Specialty Genes Class

Source

Genes

Antibiotic Resistance

ARDB

91068

Antibiotic Resistance

CARD

244359

Drug Target

DrugBank

1200659

Drug Target

TTD

275374

Human Homolog

Human

631343

Virulence Factor

PATRIC_VF

894122

Virulence Factor

VFDB

737069

Virulence Factor

Victors

1298446

View more details about our data sources and mapping processes in Specialty Genes FAQs.


*New Taxon and Genome-Specific Specialty Gene Lists*

Accessed via the Specialty Genes Tab on any taxon or genome overview page, these taxon and genome-specific tables provide the following:

  • Information about PATRIC genes, such as Genome Name, PATRIC and RefSeq Locus Tags, Gene Names, and Products.

    • Information about the matching specialty gene in the reference database, such as Property, Source Database Name, Source ID, Classification, and PubMed references. Source IDs are linked to the corresponding pages on the Source Database websites where you can access more information.  PubMed links take you to the corresponding references listed at PubMed.

    • Summaries of sequence similarity from BLASTP hit, such as Percent Query Coverage, Percent Subject Coverage, and Percent Identity.

_*Note_: Genes designated as “Literature” in the Evidence column have been experimentally verified, while those designated as “BLASTP” are identified based on sequence homology.  Learn more in Specialty Gene FAQs.

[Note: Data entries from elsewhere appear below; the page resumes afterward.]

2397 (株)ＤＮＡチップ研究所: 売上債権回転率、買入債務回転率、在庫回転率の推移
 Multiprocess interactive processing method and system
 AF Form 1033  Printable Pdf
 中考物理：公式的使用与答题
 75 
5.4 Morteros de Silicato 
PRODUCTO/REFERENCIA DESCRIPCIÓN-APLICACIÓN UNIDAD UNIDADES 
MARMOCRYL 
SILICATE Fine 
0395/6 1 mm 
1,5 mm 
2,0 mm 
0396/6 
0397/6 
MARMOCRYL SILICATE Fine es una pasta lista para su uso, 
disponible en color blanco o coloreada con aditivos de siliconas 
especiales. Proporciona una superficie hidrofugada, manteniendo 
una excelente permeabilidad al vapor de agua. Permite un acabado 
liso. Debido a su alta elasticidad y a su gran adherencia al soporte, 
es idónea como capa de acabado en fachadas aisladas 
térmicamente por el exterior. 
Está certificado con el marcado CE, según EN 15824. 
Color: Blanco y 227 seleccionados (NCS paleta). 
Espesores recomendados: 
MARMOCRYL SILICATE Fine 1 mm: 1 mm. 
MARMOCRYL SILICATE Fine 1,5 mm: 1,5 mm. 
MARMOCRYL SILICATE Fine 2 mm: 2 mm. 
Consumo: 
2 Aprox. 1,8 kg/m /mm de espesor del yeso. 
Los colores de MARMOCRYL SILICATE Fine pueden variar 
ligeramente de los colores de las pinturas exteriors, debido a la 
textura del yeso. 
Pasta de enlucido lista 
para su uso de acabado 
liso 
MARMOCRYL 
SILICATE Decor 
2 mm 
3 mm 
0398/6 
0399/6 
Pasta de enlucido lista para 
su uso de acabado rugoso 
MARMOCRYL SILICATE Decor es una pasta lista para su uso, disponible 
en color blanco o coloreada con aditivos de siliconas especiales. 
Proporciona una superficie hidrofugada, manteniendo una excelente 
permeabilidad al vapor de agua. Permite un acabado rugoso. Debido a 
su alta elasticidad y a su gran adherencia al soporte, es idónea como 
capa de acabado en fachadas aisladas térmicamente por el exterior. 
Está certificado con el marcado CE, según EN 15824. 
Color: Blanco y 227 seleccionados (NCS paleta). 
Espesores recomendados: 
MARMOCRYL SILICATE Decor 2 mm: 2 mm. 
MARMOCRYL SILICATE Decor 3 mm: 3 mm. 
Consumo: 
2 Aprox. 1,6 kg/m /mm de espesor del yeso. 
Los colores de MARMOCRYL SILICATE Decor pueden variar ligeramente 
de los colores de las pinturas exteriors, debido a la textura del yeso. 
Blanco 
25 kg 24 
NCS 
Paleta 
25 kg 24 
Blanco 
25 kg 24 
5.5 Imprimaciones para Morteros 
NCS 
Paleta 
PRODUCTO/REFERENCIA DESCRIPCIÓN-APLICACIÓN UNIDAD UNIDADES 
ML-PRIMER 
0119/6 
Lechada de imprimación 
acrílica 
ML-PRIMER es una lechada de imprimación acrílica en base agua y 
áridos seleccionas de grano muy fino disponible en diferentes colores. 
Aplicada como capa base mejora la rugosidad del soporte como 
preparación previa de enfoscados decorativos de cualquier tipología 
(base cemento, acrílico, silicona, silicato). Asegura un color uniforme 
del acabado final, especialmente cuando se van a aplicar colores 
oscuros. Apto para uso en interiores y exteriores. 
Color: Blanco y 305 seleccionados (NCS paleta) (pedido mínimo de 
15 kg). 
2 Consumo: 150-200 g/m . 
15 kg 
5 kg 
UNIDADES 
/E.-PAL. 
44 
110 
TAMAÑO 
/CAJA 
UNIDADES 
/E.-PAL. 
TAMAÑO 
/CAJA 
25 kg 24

Gene Lists provide in-depth filtering options of the data based on Property, Source, Evidence, and BLAST Hits parameters.  Access our Specialty Genes List for All Bacteria in PATRIC.


*New Antibiotic Resistance and Specialty Genes Data Summary Pages:*

View summaries of selected genomes, related tools and tutorials, and diagrams of how we curate, map, and integrate Specialty Genes on Specialty Genes Data Summary and Antibiotic Resistance Data Summary pages.

For the Antibiotic Resistance Data Summary, we plan to also incorporate associated, available metadata such as antibiotic susceptibility testing results in the future.


*New Antibiotic Resistance and Specialty Genes Search Tools:*

Search for all classes of Specialty Genes for organism(s) of interest based on taxonomy, special property class, and keyword using Specialty Genes Search.

Specifically search for antibiotic resistance genes based on taxonomy, source, and keywords using Antibiotic Resistance Search.

_*Note_: Search results are displayed in a Specialty Genes List, described above.


*Extensive Manual Curation of Virulence Factors by the PATRIC Team:*

PATRIC_VF is a manually curated virulence factor database, which contains the genes identified as playing a role in virulence in certain organisms.  Each PATRIC_VF gene is linked to one or more journal articles that establish its virulence based on experimental evidence.  The associated assertion sentence(s) from the journal article are included.

Current Number of Manually Curated PATRIC_VF by Genus

Genus

Genes

Mycobacterium

700

Salmonella

751

Escherichia

278

Listeria

263

Shigella

127

Bartonella

34

Access and filter the entire PATRIC_VF database directly.

How Our Curators Identify the PATRIC_VF Genes:

PubMed searches using the genus name and the term “virulence” are used as a first pass to identify genes that are associated with the virulence of the organism.  Papers are examined, and if they provide direct evidence of the gene’s importance in virulence, the PubMed ID and the gene, genome, and host names are collected from the article as well as sentences that identify the role the gene has in virulence.  In addition, curators assign a “Virulence Factor Category” from an internally derived nomenclature.

Once this information is collected, a search of the PATRIC database is initiated to find the genome that matches the one described in the article.  If the same genome is located, there is a search for the gene described in the paper.  If both match, there is a direct link between the published source and the gene.  If the gene cannot be found, it’s not assigned to PATRIC_VF.  If the genome is not found, a search is initiated for the same gene in a different genome.  If this is identified, an indirect link is established between the gene and the published article.  This is indicated by the source genome and the PATRIC genome having different strain names.